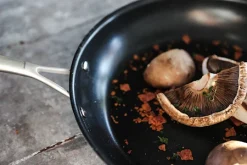 Nordwik Stegepande Rustfrit Stål 5-ply Non-stick 28 Cm -KitchenTime butik 58f0d04d 8c60 43cb 951e ec978eb24a73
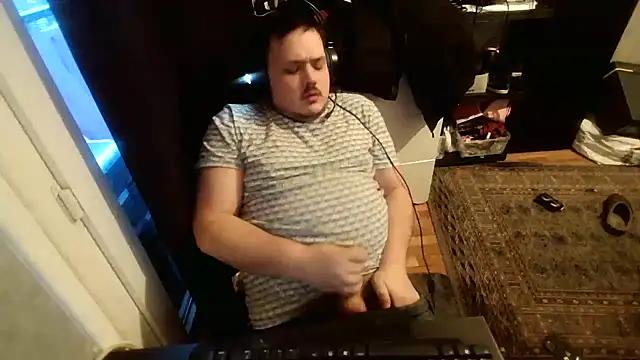 Bebemickey75 from StripChat
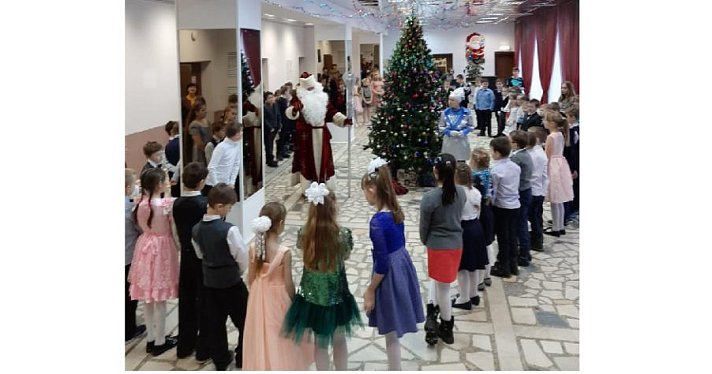 В Ярославской области в муниципальных районах начались новогодние губернаторские елки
════════
**Aim of the exercise:**
Your output must consist only of the lines from the line with "Bebemickey75 from StripChat" through the final line of the data, both included, reproduced exactly and free of pictures.

**Result of the task:**
 Bebemickey75 from StripChat
 В Ярославской области в муниципальных районах начались новогодние губернаторские елки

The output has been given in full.